_EXERCISE DETAILS_
Using the records that follow, reproduce exactly the lines starting at the line containing "SIENNA, Hund, Labrador-Mix in Bulgarien" and ending at the line containing "Dorcus hopei binodulosus". Include both end lines and no pictures.

┌────────

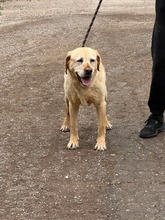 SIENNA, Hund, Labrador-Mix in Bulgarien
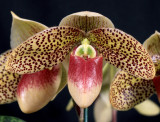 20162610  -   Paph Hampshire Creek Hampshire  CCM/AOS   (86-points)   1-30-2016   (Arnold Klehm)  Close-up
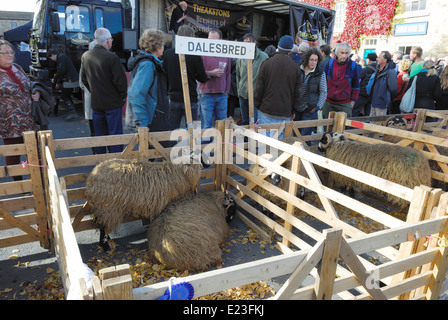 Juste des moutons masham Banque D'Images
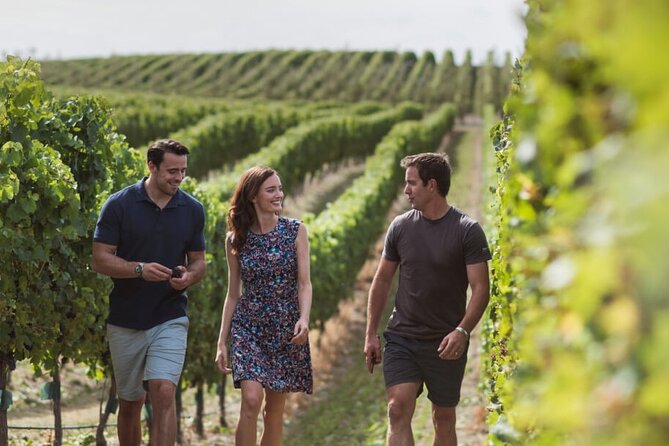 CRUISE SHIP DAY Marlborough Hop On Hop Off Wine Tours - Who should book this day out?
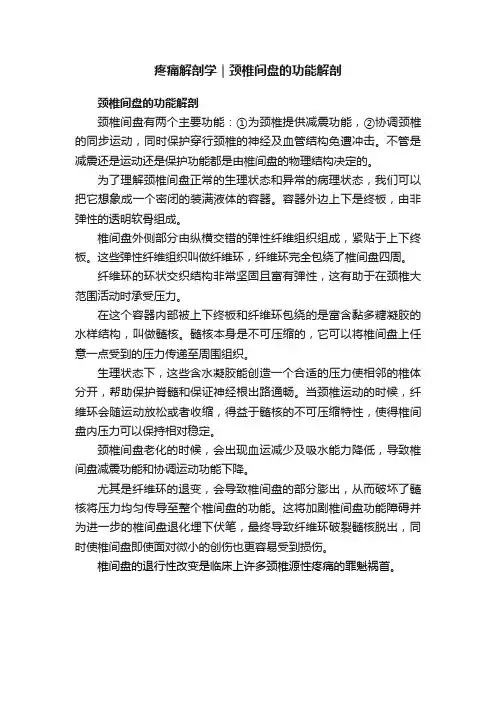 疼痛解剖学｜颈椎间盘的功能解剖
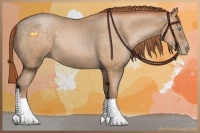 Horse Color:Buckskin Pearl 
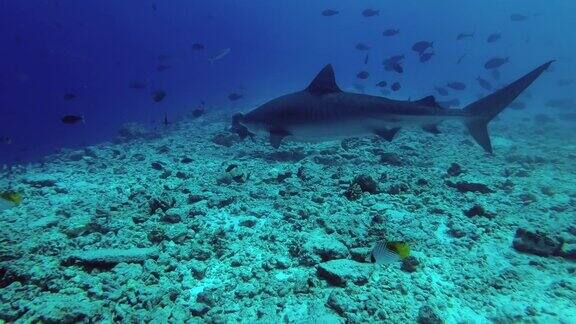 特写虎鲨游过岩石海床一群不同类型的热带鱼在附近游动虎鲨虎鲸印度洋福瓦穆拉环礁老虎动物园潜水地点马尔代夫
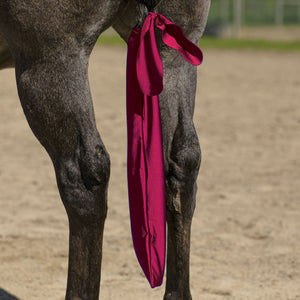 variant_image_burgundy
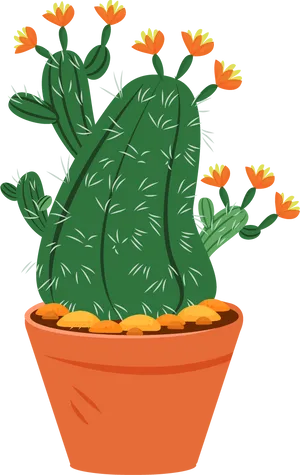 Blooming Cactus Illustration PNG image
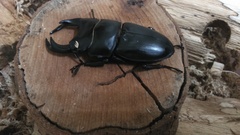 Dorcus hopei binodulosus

└────────
┌────────

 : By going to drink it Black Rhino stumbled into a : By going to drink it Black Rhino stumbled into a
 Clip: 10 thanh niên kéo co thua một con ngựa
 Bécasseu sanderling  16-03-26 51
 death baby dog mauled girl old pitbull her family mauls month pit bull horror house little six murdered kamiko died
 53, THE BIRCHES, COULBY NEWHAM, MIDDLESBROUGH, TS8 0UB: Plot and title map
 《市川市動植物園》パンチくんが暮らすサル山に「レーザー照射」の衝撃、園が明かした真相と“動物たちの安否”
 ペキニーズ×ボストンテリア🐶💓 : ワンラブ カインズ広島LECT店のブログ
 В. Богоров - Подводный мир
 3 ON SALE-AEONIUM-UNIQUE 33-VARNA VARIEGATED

└────────

_EXERCISE OUTPUT_
 SIENNA, Hund, Labrador-Mix in Bulgarien
 20162610  -   Paph Hampshire Creek Hampshire  CCM/AOS   (86-points)   1-30-2016   (Arnold Klehm)  Close-up
 Juste des moutons masham Banque D'Images
 CRUISE SHIP DAY Marlborough Hop On Hop Off Wine Tours - Who should book this day out?
 疼痛解剖学｜颈椎间盘的功能解剖
 Horse Color:Buckskin Pearl 
 特写虎鲨游过岩石海床一群不同类型的热带鱼在附近游动虎鲨虎鲸印度洋福瓦穆拉环礁老虎动物园潜水地点马尔代夫
 variant_image_burgundy
 Blooming Cactus Illustration PNG image
 Dorcus hopei binodulosus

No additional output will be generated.